Typed notes of Jeannette Eckman (1947)
With permission of Delaware Historical Society
The Bernard Ekon Plot on the Strand

Comprising #30, now owned by Miss Ann J. Dungan, and 35 feet of the Read Garden adjoining
now part of the Philip Laird garden (See Photo #21)

Original Plot 7	South Part

In August, 1650, Director Stuyvesant wrote to the commissary, Andries Hudde, at 
Fort Nassau on the Delaware, that the bearer of the letter, Jan Andriessen of Beren-Back,
had recently arrived from the fatherland and wished to settle on the South River
and gain his subsistence like other freemen. A man of the same name had been at 
this fort as early as 1646; whether they were one and the same is not clear, but 
after Fort Casimir was established in 1651, Jan Andriessen with a number of others
from Fort Nassau each acquired a plot of ground for house and garden on the Strand.
Jan Andriessen is the first owner recorded for the lot immediately north of Andries
Hudde's, that is, north of and adjoining the plot Hudde sold for the Dutch Church. 
Andriessen's confirming patent of 1657 describes the lot as 62' on the Strand 
side, 56' in the rear, and 300' in depth.

Whether Jan Andriessen built on the lot is not certain, but ten years later 
Bernard Ekon, or Eken, is in possession of a house and garden on the site and 
secures a patent for the property, which describes the lot as 60' x 300'.
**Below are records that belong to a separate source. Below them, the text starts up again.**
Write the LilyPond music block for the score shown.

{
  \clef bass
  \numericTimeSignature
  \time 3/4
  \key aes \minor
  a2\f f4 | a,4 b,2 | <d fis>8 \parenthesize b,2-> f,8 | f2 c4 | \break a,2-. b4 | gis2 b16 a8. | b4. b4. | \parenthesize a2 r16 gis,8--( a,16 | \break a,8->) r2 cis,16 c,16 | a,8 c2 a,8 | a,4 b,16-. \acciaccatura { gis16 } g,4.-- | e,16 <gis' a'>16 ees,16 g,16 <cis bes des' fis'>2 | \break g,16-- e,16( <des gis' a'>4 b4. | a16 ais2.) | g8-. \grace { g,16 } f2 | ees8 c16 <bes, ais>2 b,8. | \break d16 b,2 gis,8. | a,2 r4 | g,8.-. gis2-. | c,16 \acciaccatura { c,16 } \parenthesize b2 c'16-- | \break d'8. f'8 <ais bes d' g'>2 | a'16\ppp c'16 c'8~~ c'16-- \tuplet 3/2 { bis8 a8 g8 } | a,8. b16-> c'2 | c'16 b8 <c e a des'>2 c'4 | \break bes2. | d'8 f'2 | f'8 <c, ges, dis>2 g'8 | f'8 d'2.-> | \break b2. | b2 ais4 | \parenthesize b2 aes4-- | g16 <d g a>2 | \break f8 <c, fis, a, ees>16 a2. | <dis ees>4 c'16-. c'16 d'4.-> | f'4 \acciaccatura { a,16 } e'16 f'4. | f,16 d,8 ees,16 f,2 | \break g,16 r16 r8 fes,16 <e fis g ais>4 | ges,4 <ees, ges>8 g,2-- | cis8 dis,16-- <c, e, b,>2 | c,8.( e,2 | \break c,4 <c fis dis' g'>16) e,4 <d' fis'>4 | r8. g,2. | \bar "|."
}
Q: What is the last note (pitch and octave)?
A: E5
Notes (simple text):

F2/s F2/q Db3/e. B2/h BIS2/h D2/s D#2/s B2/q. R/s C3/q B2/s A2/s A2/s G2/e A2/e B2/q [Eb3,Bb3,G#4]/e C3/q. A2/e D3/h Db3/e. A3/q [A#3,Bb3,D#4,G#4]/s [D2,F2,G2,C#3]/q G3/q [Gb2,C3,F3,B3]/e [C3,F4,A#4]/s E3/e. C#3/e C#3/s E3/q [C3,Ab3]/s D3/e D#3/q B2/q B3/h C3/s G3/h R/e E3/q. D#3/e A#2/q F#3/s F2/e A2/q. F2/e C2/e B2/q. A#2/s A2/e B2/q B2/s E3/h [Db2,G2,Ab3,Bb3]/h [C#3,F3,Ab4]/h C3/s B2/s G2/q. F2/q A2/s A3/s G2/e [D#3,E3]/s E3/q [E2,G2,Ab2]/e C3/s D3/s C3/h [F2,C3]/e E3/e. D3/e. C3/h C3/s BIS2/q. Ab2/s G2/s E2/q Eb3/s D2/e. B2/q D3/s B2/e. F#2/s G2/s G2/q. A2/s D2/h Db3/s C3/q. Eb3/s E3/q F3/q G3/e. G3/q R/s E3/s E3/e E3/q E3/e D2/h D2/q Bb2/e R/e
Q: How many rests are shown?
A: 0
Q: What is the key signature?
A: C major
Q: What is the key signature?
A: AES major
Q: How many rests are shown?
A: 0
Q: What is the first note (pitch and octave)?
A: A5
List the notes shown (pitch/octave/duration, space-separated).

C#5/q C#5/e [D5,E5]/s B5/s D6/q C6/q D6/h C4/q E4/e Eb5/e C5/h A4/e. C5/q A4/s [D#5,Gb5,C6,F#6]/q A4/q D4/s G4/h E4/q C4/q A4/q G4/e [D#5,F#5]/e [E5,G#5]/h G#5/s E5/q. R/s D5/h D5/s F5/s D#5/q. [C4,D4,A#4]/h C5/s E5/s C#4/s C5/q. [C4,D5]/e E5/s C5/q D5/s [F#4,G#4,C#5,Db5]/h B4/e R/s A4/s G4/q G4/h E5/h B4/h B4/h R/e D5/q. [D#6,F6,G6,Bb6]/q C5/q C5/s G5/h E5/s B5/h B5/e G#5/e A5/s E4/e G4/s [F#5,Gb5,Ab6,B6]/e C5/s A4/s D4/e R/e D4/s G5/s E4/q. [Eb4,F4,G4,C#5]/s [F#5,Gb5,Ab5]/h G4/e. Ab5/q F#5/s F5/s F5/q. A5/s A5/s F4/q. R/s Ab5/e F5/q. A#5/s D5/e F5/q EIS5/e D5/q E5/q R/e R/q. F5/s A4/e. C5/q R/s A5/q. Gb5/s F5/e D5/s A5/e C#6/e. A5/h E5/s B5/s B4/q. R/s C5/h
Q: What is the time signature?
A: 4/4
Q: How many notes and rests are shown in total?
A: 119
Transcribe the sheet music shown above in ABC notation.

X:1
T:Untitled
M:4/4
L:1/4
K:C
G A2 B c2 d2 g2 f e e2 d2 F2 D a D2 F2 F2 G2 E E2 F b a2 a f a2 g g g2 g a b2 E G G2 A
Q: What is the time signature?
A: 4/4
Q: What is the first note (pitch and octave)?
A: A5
Eken's only child, a daughter, Margaret, inherited the property. She married 
Reynier Vanderculen, owner of a number of plots in New Castle. Reynier and 
Margaret sold the property in 1693 to John Cann,an outstanding citizen who held 
many offices in the early town, one of them Register of Wills 1684. John Cann's
son, John, divided the lot and sold the south half of it to Jacob Van Gezell, 
merchant, in 1701, the front width of this south half being described as "three 
feet more than the old kitchen". to run back 45' at this width and then to widen 
to the equal half of the 60' plot. The number of front feet is not given in 
successive conveyances of the next hundred years, but later records indicate the 
division to have been 25' for the south part and 351 for the north part. In 1702
Van Gezell sold the house and lot to Cornelius Empson, the county judge and member
of Penn's assembly, who had bought the "Penn house" property on Delaware 
Street in 1696. Empson immediately sold to Richard Clark for 85 pounds, and 
he may have been acting only as attorney for Clark as he had done in other 
property bought by him. The money indicates a fairly substantial house on 
this narrow site at that time.

Richard Clark and his heirs were in possession of the property until 
1720-21, when it was sold for a debt against the Clark estate. There were 
no buyers when the property was first offered, and it was finally bought in 
for the man to whom the estate owed money - Robert Gordon - for 35 pounds. 
Robert Gordon, "gentleman" and Mary, his wife sold to Richard Grafton, 
merchant, in 1728. The property was in the possession of this merchant 
until 1740 when be sold it to Jehu Curtis for 100 pounds. At that time, 
Jehu Curtis lived next door to the north, in the house that was then on that 
larger half of the original lot. Jehu Curtis probably kept an inn at the time
or soon after, for in 1744, when Dr. Alexander 'Hamilton the distinguished 
physician of Annapolis made his trip north through New Castle, he writes in 
his account of the trip, "I arrived at New Castle, upon Delaware, at nine 
o'clock in the morning and baited my horses at one Curtis's at the sign of 
the Indian King, a good house of entertainment." [On his return through 
New Castle, Dr. Hamilton "dined at Griffith's and had some chat with a certain 
virtuoso of the town who came in after dinner". Griffith may have been 
Gideon Griffith, who was sheriff 1744-1748 and wholived in the Tile House.]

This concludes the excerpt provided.